The holidays are pretty much a stressful time for everyone. If you Google holiday stress you get over 2 million results. And it isn’t just parents who feel these pressures. Kids-especially kids with split-family homes-pick up on their parent’s feelings during these times, which is why it is especially important to manage your own stress as well as the anxiety your kids may be feeling this holiday season. None of us want our kids to have the same stressful holiday experiences and memories we had, but all too often we unconsciously create new kinds of holiday stress for the ones we love the most-our children.

To have a joyful holiday there are three big items you need to shelve this holiday season-shame, blame, and perfectionism. According to researcher and author Brene Brown, shame and blame are the chief stealers of joy, and perfectionism is a one-way street to despair.

“Want to be happy? Stop trying to be perfect.”

“Perfectionism is a self destructive and addictive belief system that fuels this primary thought: If I look perfect, and do everything perfectly, I can avoid or minimize the painful feelings of shame, judgment, and blame.” ― Brené Brown, The Gifts of Imperfection: Let Go of Who You Think You’re Supposed to Be and Embrace Who You Are

Shame and blame are super tricky characters in homes with divorced parents, especially when holiday stress is added to the often already tough dynamics. But they are, I believe, the primary reasons holiday stress has 2 million results. After 13 years of holiday transitions as a split-family home here are some tips I have learned that help everyone hold onto an authentic joyful spirit this holiday season.
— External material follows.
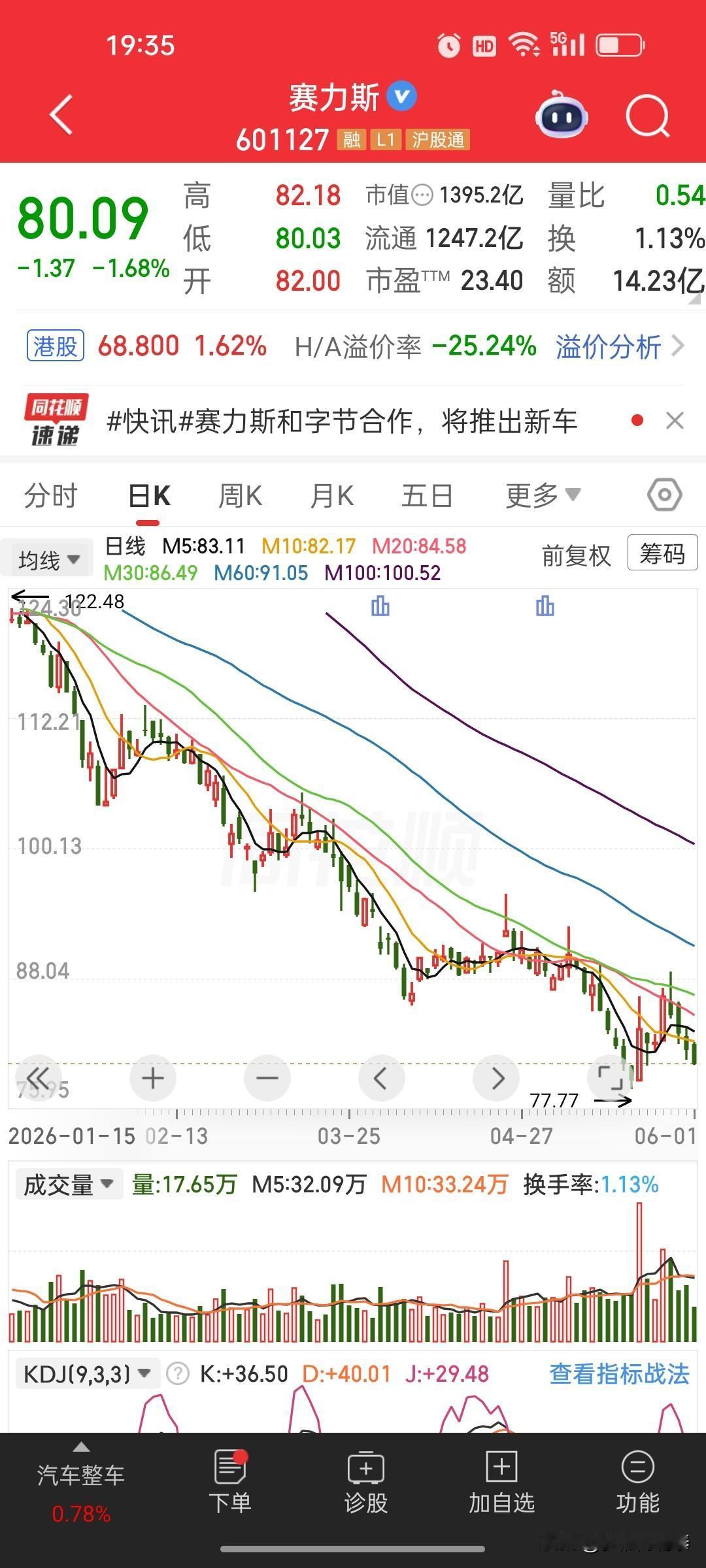 赛力斯5月销量数据出炉：单月销量同比下滑，累计数据仍保持增长
 
赛力斯发布20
Techniques for a smooth and happy holiday

Be the person you want to be no matter what the other parent is doing. Try really hard to not blame for one holiday season and see if you don’t feel better. Remember, we have to be the kind and compassionate adults we want our kids to be, and we have to embody those traits during the hardest of times sometimes.

Bigger isn’t better. Don’t compete with gifts and don’t buy gifts out of shame or guilt you may feel about your kids going back and forth. Your present to yourself-and your kids- this holiday should be to let any guilt or shame melt away into a hot drink, like a marshmallow in a yummy hot cocoa.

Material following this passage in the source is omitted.